The Minister for Building and Construction has given notice of variations to the Retirement Villages Code of Practice 2008.
The variations to clauses 22, 47 and 54 will replace the current Code of Practice clauses 22, 47 and 54 from 14 October 2013.
The variations come into force on 14 October 2013.
In summary, a retirement village contains two or more residential units to provide residential accommodation and/or services or facilities predominantly for people who are retired – and those people agree to pay a capital sum to live there. Note that a ‘capital sum’ can also mean periodical payments, if the payments are substantially more than would be paid to cover rent for such services or facilities.
Residents ‘purchase’ a right to occupy, or an occupation right agreement. The purchase is based on a capital investment and is a form of tenancy.
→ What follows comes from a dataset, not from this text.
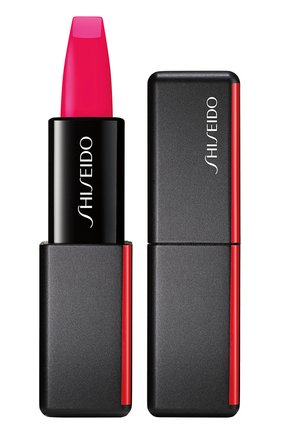 Женская матовая помада для губ modernmatte, 511 unfiltered SHISEIDO бесцветного цвета по цене 2450 руб., арт. 14787SH | Фото 1 Женская матовая помада для губ modernmatte, 511 unfiltered SHISEIDO бесцветного цвета, арт. 14787SH | Фото 1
The Department of Building and Housing assumed responsibility for the Retirement Villages Act on 1 July 2005. The Department’s responsibilities include the promotion of education and publication of information about retirement villages. These functions were previously undertaken by the Retirement Commissioner. The Department agreed with the Commissioner to undertake these functions in August 2007.
The role of the Retirement Commissioner is to monitor the effects of the legislation and Code of Practice, when in force, and the establishment and oversight of the disputes panel system.
The Registrar for Retirement Villages is located in the Companies Office in the Ministry of Economic Development. The Registrar of Retirement Villages is responsible for registration-related matters.